SHANGHAI (Reuters) – A U.S. decision to stop China General Nuclear Power Corp (CGN) and its subsidiaries from dealing with U.S. companies was a misuse of export control measures and would harm both U.S. and Chinese firms, China’s foreign ministry said.
Washington this week said CGN was involved in activities contrary to the national security and foreign policy interests of the United States and would be added to an “Entity List” of firms banned from doing business with U.S. enterprises.
“China resolutely opposes the U.S. side harming the interests of China and the world through unilateralist and protectionist policies,” Foreign Ministry spokeswoman Hua Chunying said in a statement issued late on Thursday.

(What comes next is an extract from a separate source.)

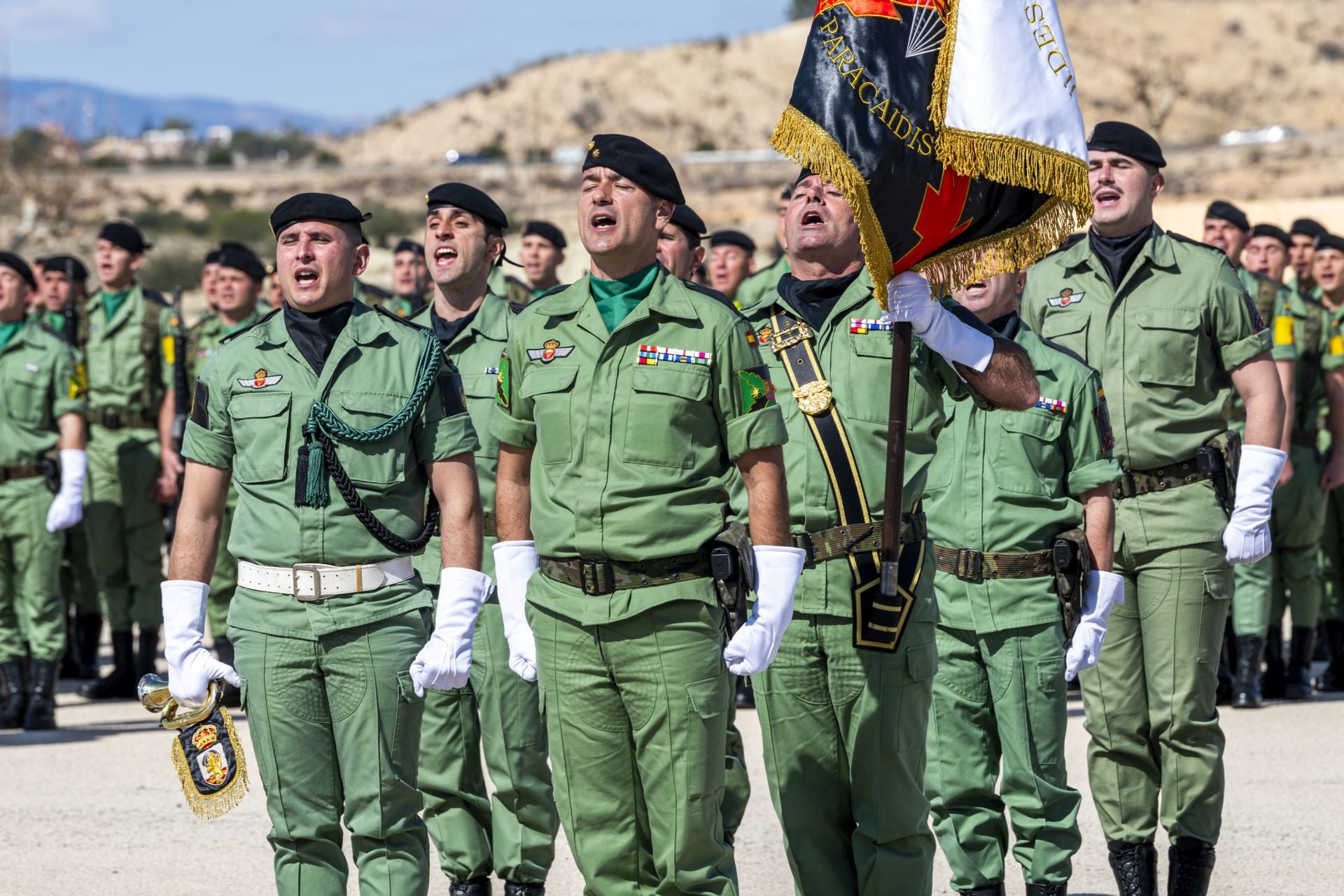 El aniversario de las Fuerzas Paracaidistas del Ejército de Tierra, en imágenes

CGN is one of China’s major state-owned reactor builders. The other firms added to the list on Wednesday include the Suzhou Nuclear Power Research Institute Co. Ltd, a CGN subsidiary that got the go-ahead to build a nuclear reactor project in Guangdong province earlier this year.
An editorial in the state-run China Daily linked the ban to the trade row between the world’s two largest economies and said the U.S. administration had abused the blacklist.
“The U.S. would do well to de-escalate the heightening tensions if it really wants to strike a deal,” it said.
The United States already tightened controls on CGN’s ability to import civil nuclear technology last year after a Chinese-American nuclear engineer was indicted for espionage.
China’s nuclear program includes technologies transferred from the U.S.-based Westinghouse, including the world’s first AP1000 third-generation reactor units on the country’s east coast.
CGN said in a statement posted on its official Wechat account late on Thursday that its inclusion on the Entity List would disrupt its supply chains and restrict commercial contracts with U.S. companies, but the impact was “controllable”.
“The suppression of CGN is an important option for the United States to hinder the development of China’s nuclear power industry,” it said.